After days of confusion and contradicting statements on Brexit and limiting immigration after 2019, the government has been slammed for acting too slowly and indecisively.
On Monday, Downing Street attempted to quell confusion over EU migration during a so-called post-Brexit ‘transition period’, insisting free movement would officially end when the UK leaves the bloc – but they failed to give any details about what would change.
“Other elements of the post-Brexit immigration system will be brought forward in due course. It would be wrong to speculate on what these might look like or to suggest that free movement will continue as it is now,” the statement read.
Chancellor Philip Hammond had insisted the week before that cabinet members had agreed a ‘transition period’ would run until 2022, with Home Secretary Amber Rudd claiming migrants would need to register during this time.
Sources later revealed the migration rules in this period would look “similar” to free movement, however, and International Trade Secretary Liam Fox and Foreign Secretary Boris Johnson denied they had agreed to it.
Some Brexiteers were suspicious, accusing the government of a fudge and a “betrayal” on promises to bring migration down after Brexit.

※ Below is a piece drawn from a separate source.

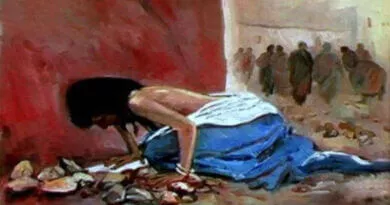 figura representando uma mulher sendo apedrejada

Furthermore, with important British negotiating positions still undecided weeks before trade talks could start, a senior government figure told The Times: “Of course decisions are not being taken quick enough.”
Supporters of Mr. Hammond and Ms. Rudd – who campaigned against Brexit – hit back at Mr. Johnson and Fox, who supported leaving the European Union.
One source said that in cabinet meetings and subcommittees the pro-Brexit ministers had sought to paper over the cracks. “They say it’s all easy. When there are problems they guffaw. They pooh-pooh difficulties when Hammond raises them.”
Another said that Mr. Johnson had slammed colleagues for not being “optimistic” about Brexit.
Andrew Percy, a backbench Tory Brexiteer who backs the ‘transition plan’, told the paper: “The current principles of free movement have to end. Of course we need to maintain flexibility but it cannot retain the current rules because that would not be delivering the will of the people.
“The only views we need to hear are of the government, not members of the government who can come and go. If they want to express views as individuals they need to quit and make their views known as backbenchers.”
Even Remain supporters conceded that Mr. Hammond was not always the best messenger. “He’s never going to fill you with optimism,” a minister said.